Ben Woodard (bwoodard@cisco.com)
Thu, 08 Jan 1998 08:39:13 -0800


I have upgraded to 2.1.78 and the same problem with the dcache
becoming corrupt is occuring. However, a pattern may be beginning to
emerge. It is kind of interesting it is as though I was looking in the
wrong direction all this time. I was looking at the programs that I
was running and what they were doing just before the problem in the
dcache appeared. But every time, what was going on with the computer
was completely different. What I didn't realize was that it was
happening about the same time each day or there abouts and I am
beginning to think that this is the key to the problem and why I
manifest it so regularly.

See each day, I get up go to work and while at work, I am really in
multitask mode. I am doing a dozen things at once. I have lots of
applications open and lots of windows on my computer doing
things. Then I take my computer home and read email and mess around
with things. Completely different enviornment. I have very few windows
open and I am focusing on basically one thing for a long period of
time. It is during these times that the dcache becomes corrupt. It has
never happened while I am at work and my computer is under load but
happens to me almost every night after I have simplified my
environment quite a bit.

The thing that occured to me is my virtual memory usage while at work
is signifcantly higher. Now if I understand it correctly, linux uses
all available memory for its purposes and so competes with
applications for memory. Now at work the kernel is probably on the
loosing side and the size of the caches such as the dcache are
probably kind of small. However, when I go home I close down a huge
number of windows and a bunch of applications and so the pool of
memory available for things like the dcache expands.
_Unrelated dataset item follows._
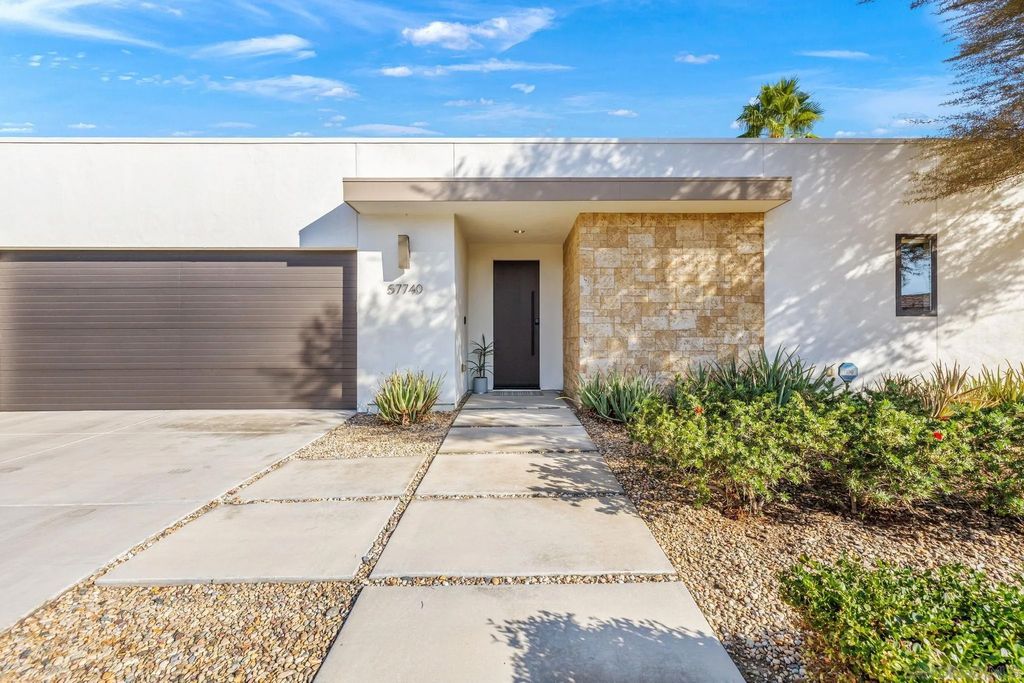 Photo of 57740 Salida Del Sol, La Quinta, CA 92253 (MLS # 250044745)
It occurs to me
that might be where the problem is, in the code that grows the dcache.

My regular fluctuations in memory probably are what is making the bug
appear so regularly and if as I suspect the problem is tied to the
size of kernel mem available for the dcache that would also explain
the time lag between when I shut down all my apps when leaving work
and the time that the problem in the dcache appears.

It appears to me that there are several places in the dcache code
where memory usage information is printk'd but they are all bracketed
by #ifdef DCACHE_DEBUG's. I believe that I am going to define that see
if I can see any pattern in the usage of dcache memory and this
bug. If you can think of any other places where I should put printk's
let me know. I'm sorry, I am not more help. I am just beginning to
look around in the kernel and the dcache seems like a fairly
complicated structure and I have yet to fully understand it.

Hope this informatin helps,
-ben